Task inputs:
————
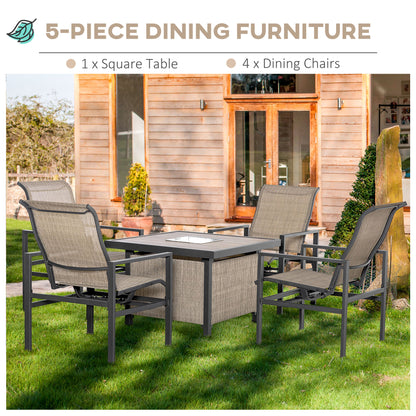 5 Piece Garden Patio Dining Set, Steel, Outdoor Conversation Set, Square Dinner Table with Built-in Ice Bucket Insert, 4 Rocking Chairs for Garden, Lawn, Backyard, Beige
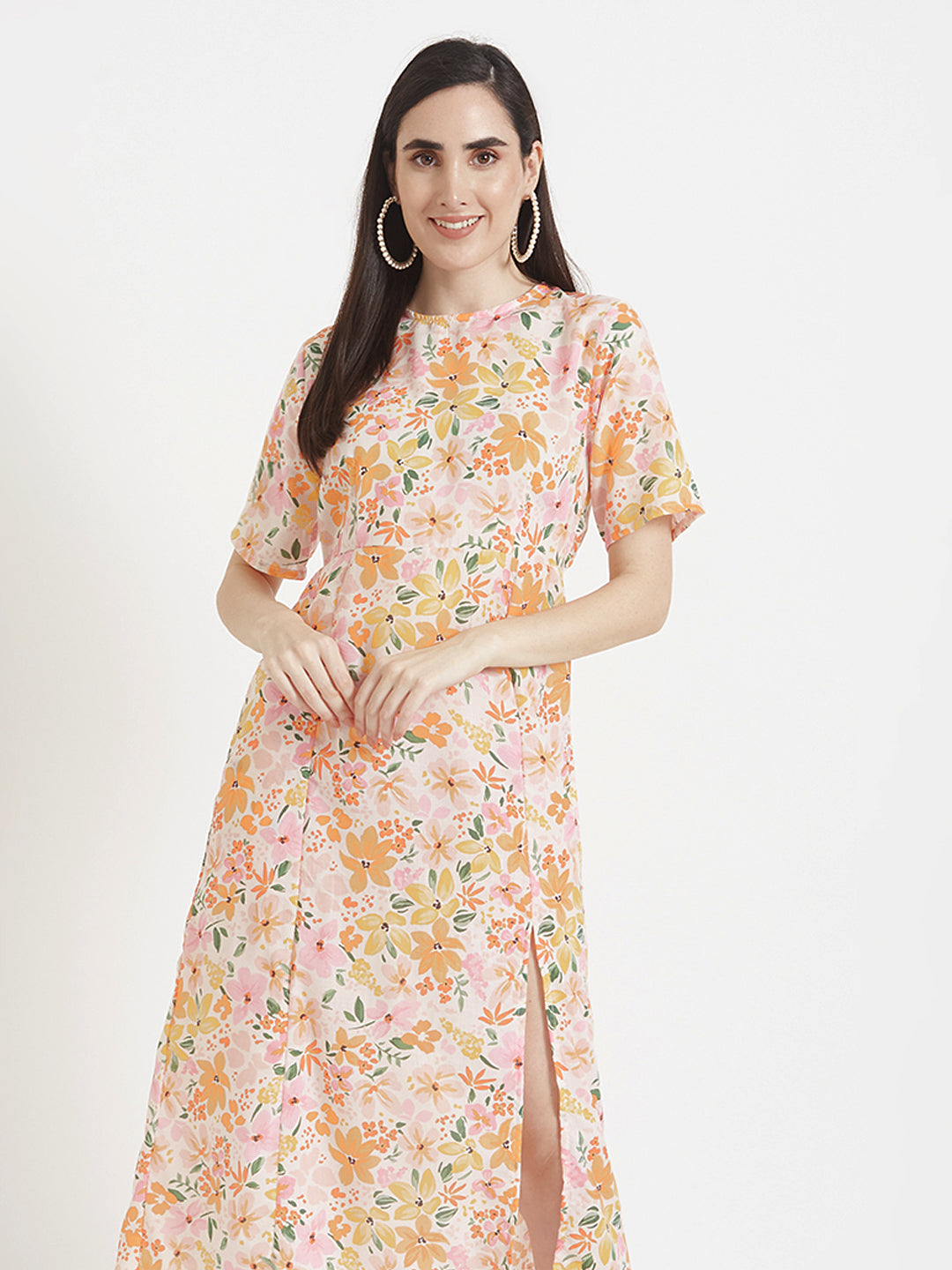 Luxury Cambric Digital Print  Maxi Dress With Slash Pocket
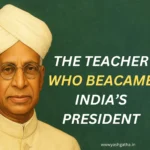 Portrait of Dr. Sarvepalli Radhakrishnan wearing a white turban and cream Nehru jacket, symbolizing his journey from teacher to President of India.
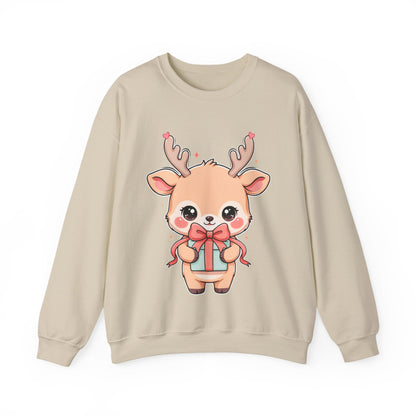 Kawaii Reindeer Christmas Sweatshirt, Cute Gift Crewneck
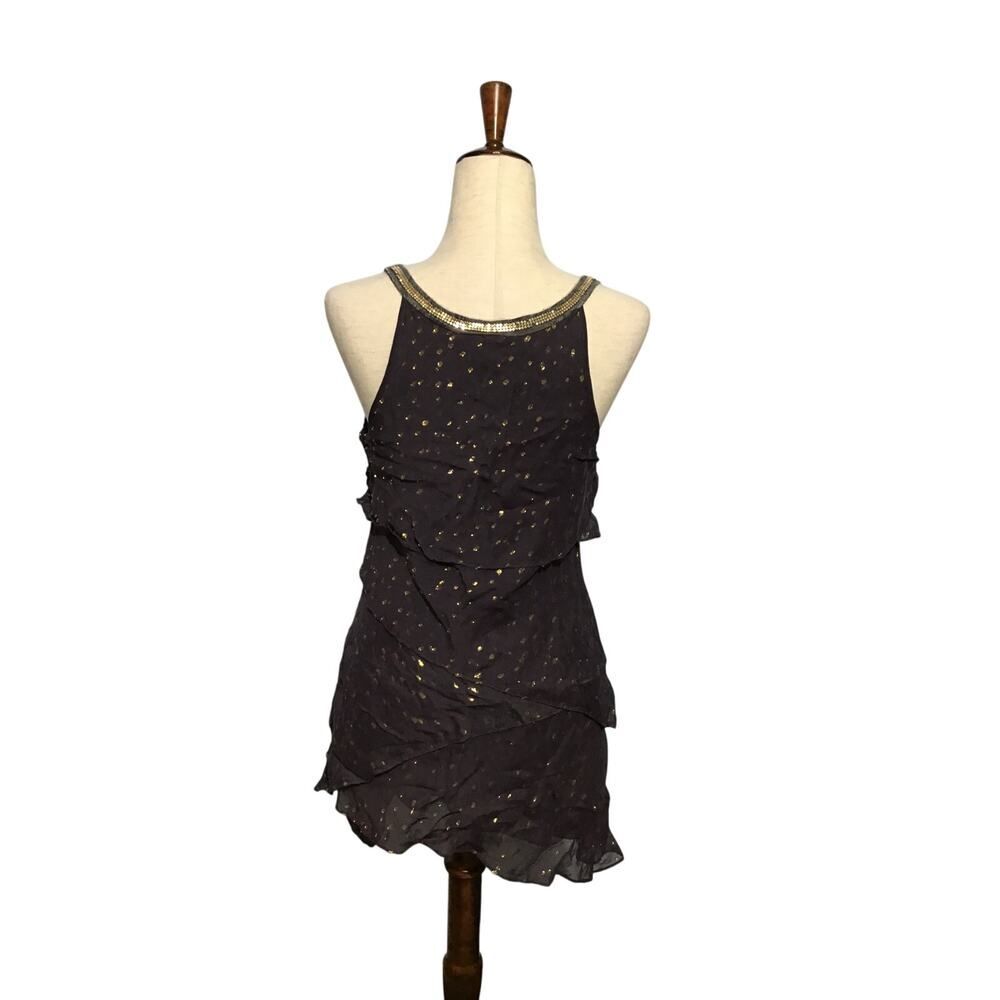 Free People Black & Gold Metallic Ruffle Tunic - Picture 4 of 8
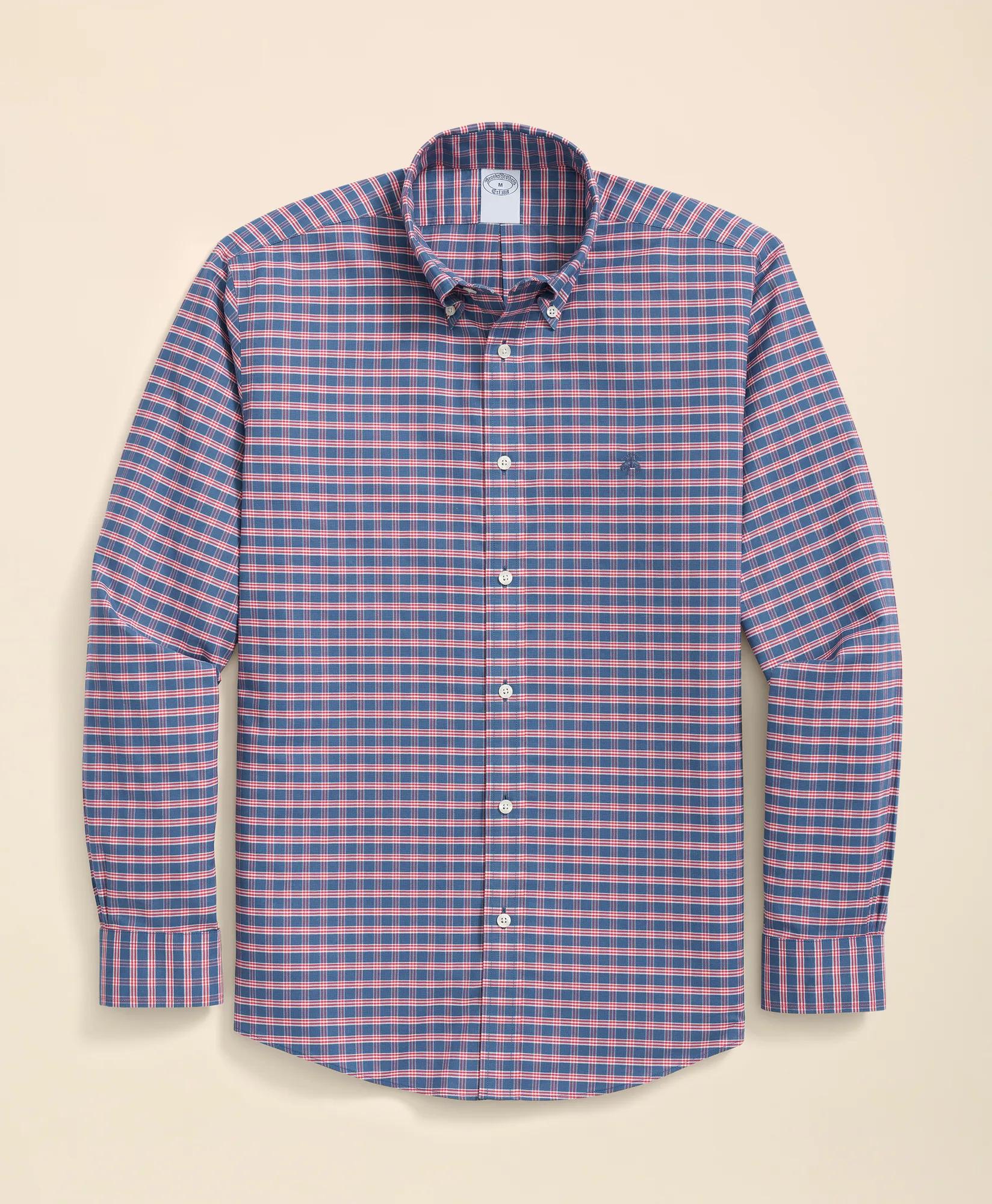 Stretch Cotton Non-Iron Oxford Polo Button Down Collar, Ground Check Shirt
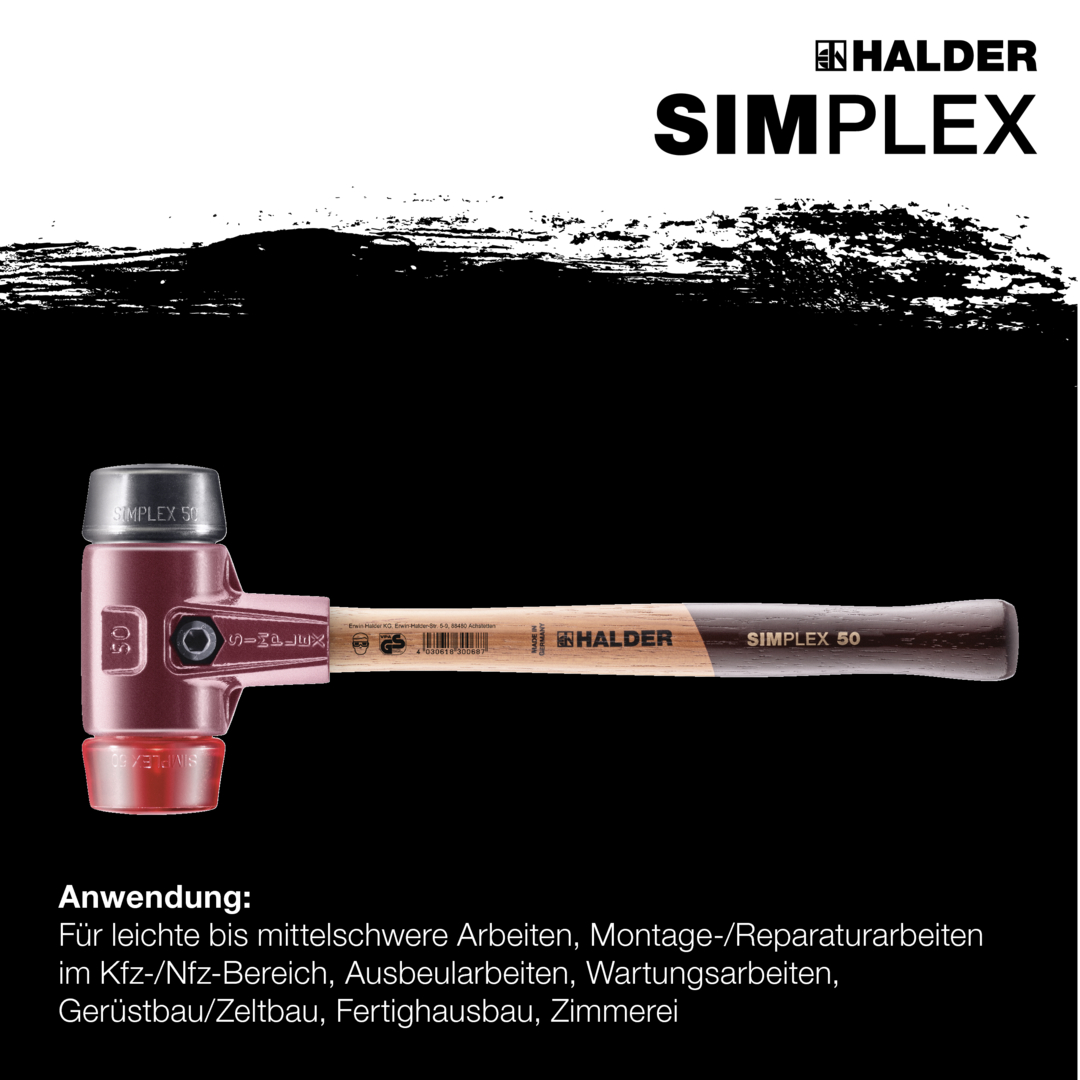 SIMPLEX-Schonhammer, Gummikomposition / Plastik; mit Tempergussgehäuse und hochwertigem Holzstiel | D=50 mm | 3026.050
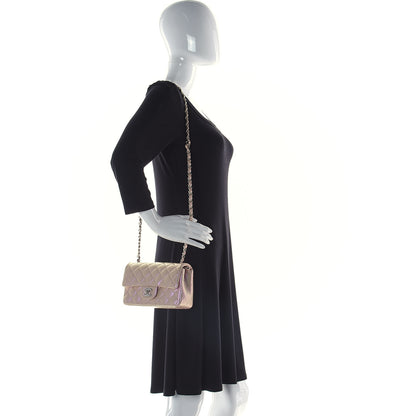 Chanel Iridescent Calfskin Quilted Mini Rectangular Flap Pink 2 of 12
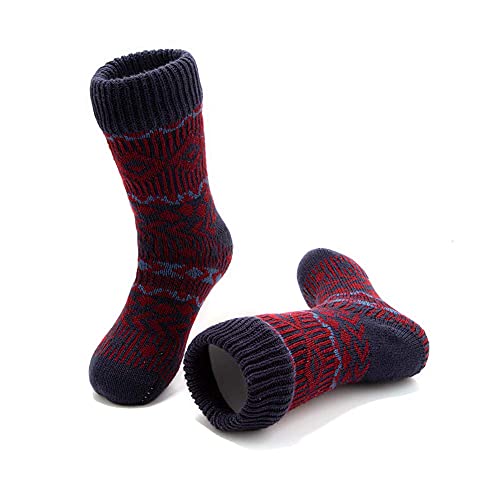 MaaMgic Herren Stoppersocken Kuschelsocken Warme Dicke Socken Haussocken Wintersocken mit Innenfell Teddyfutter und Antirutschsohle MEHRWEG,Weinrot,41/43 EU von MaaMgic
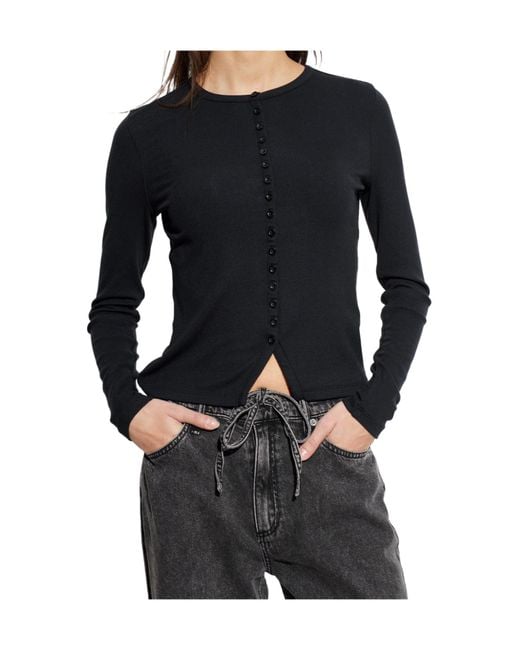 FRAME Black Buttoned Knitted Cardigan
————
Task prompt: What is needed is an exact copy of the lines from the start of the listing above through the line that holds "Luxury Cambric Digital", with the pictures left out.

Response to this exercise:
 5 Piece Garden Patio Dining Set, Steel, Outdoor Conversation Set, Square Dinner Table with Built-in Ice Bucket Insert, 4 Rocking Chairs for Garden, Lawn, Backyard, Beige
 Luxury Cambric Digital Print  Maxi Dress With Slash Pocket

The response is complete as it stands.